Work required:
Beginning at the top of the entries below, retype each line exactly until the line containing "Download Glossy Protein" has been written out; include no pictures and no later lines.

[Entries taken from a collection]
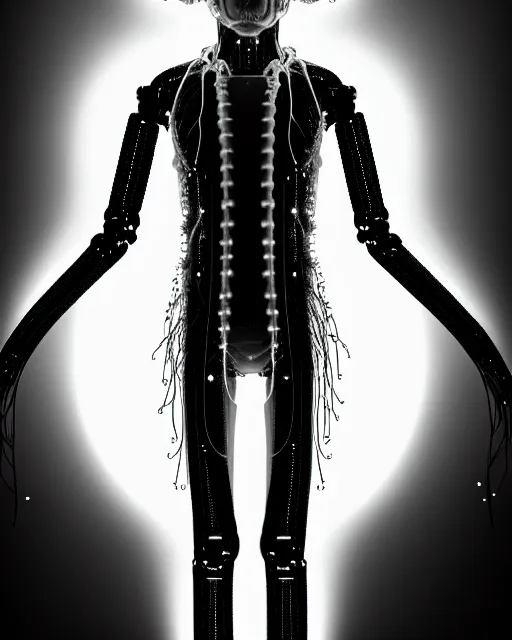 Image similar to black and white young cyborg-human-jellyfish-plant goddess high quality photo, microchip, artificial intelligence, bio-mechanical bio-luminescence, black wired cables, neurons, nerve cells, octane render, cinematic, rim light, hyper realism, photo-realistic, high detail, 8k, masterpiece, high fashion, in the style of H.G. Giger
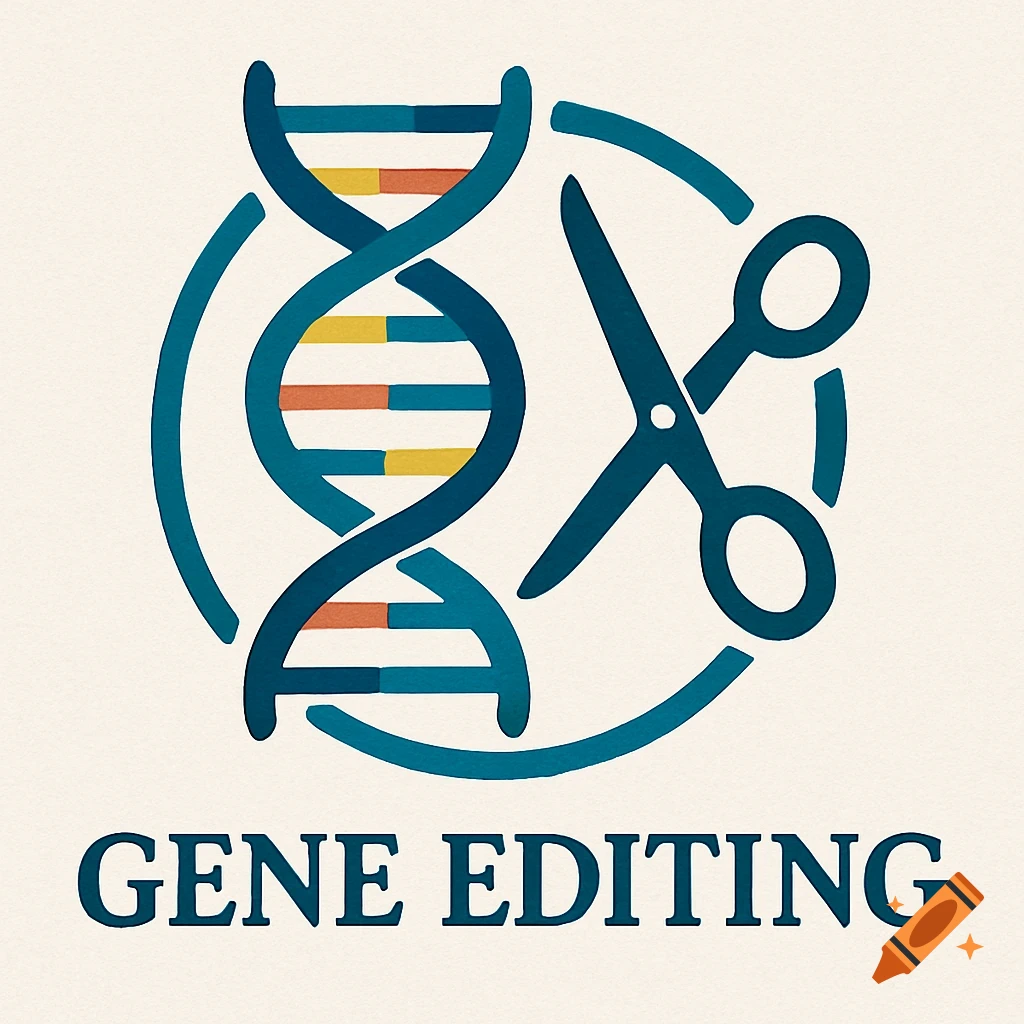 Symbolic illustration of gene editing with a DNA helix being cut by scissors and the text "GENE EDITING".
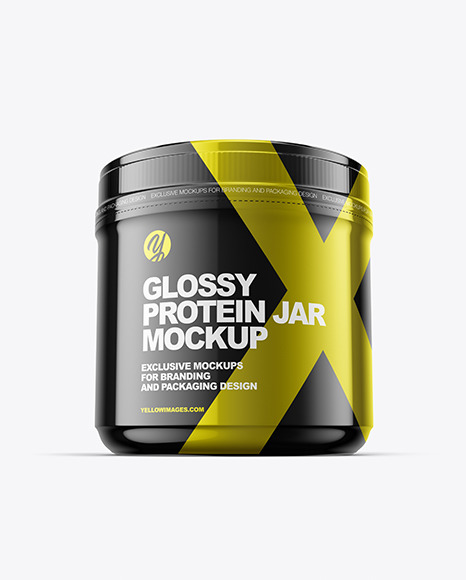 Download Glossy Protein Jar Psd Mockup Front View Yellowimages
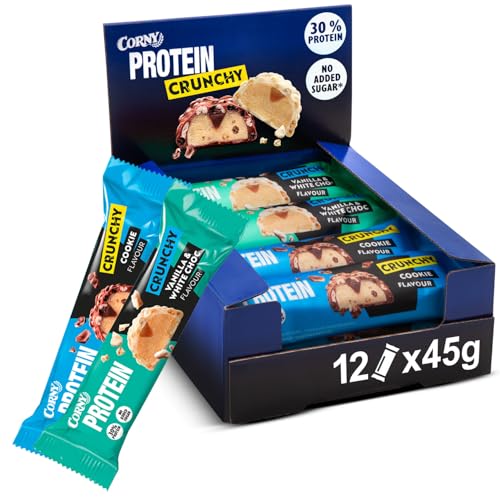 Corny Protein Crunchy 12er Mix Pack 30% Eiweiß Probier Mischkarton 12x45g Mixbox von Corny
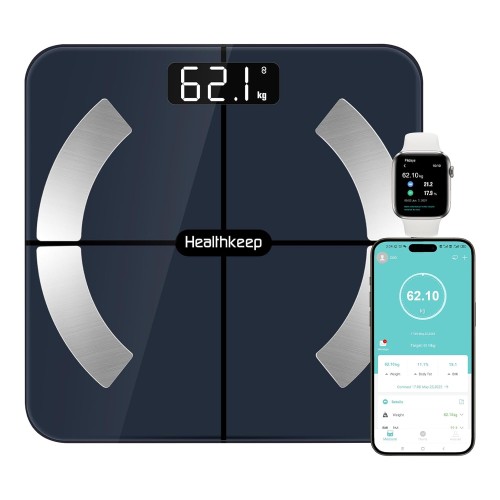 Renpho Body Fat Bathroom Scales, Bluetooth Personal Scales with App, Smart Digital Scales for Body Fat, BMI, Weight, Muscle Mass, Water, Protein, Skeletal Muscle, Bone Weight and BMR, Black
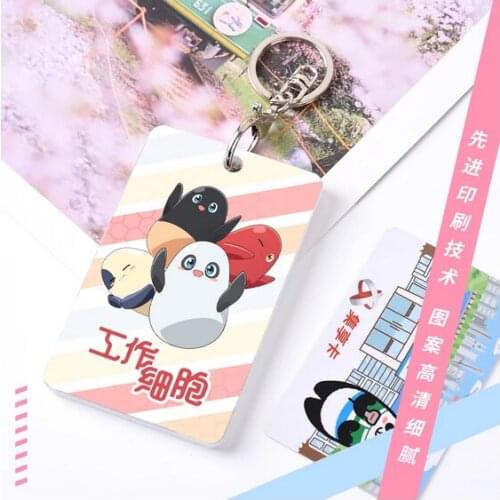 2021 NEW HOT Anime Cells at Work! Lactobacillus Q Type Student ID Bus Bank Card Holder Keychain Card Case Pendant Decor Gift Toy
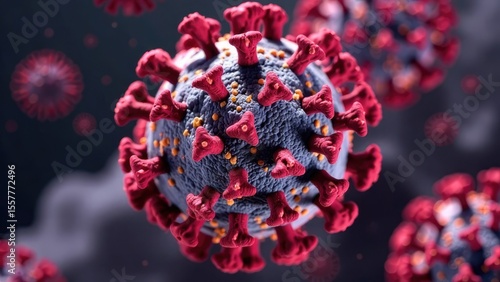 Close-up of coronavirus bacteria model, microvirus on black virus background. Worldwide pandemic and fight against COVID 19 virus. Coronavirus outbreak and coronaviruses influenza concept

Solution to this exercise:
 Image similar to black and white young cyborg-human-jellyfish-plant goddess high quality photo, microchip, artificial intelligence, bio-mechanical bio-luminescence, black wired cables, neurons, nerve cells, octane render, cinematic, rim light, hyper realism, photo-realistic, high detail, 8k, masterpiece, high fashion, in the style of H.G. Giger
 Symbolic illustration of gene editing with a DNA helix being cut by scissors and the text "GENE EDITING".
 Download Glossy Protein Jar Psd Mockup Front View Yellowimages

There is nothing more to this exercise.